- **Dataset records**:
>>>>

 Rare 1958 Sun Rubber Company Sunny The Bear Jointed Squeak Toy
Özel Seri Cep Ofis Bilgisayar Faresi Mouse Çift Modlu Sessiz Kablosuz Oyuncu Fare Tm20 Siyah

<<<<
>>>>

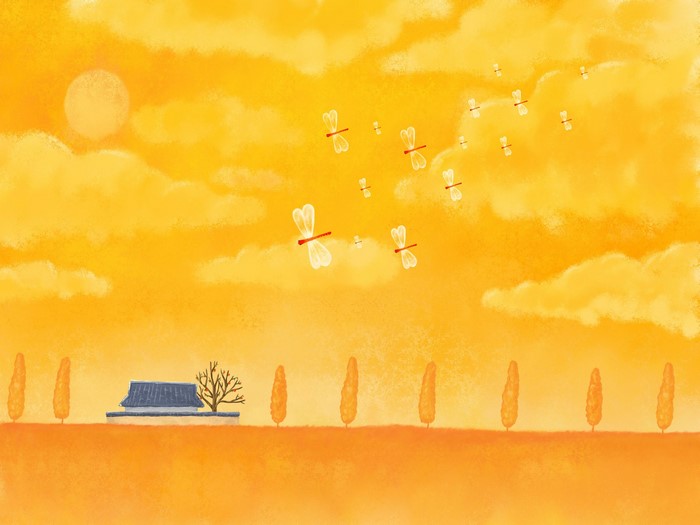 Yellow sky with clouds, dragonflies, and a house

<<<<

- **Work instructions**: Of the entries listed above, reproduce only the lines starting at the line containing "Rare 1958 Sun" and ending at the line containing "Özel Seri Cep". Include both, exactly as they stand.

- **Solution to this problem**:
 Rare 1958 Sun Rubber Company Sunny The Bear Jointed Squeak Toy
Özel Seri Cep Ofis Bilgisayar Faresi Mouse Çift Modlu Sessiz Kablosuz Oyuncu Fare Tm20 Siyah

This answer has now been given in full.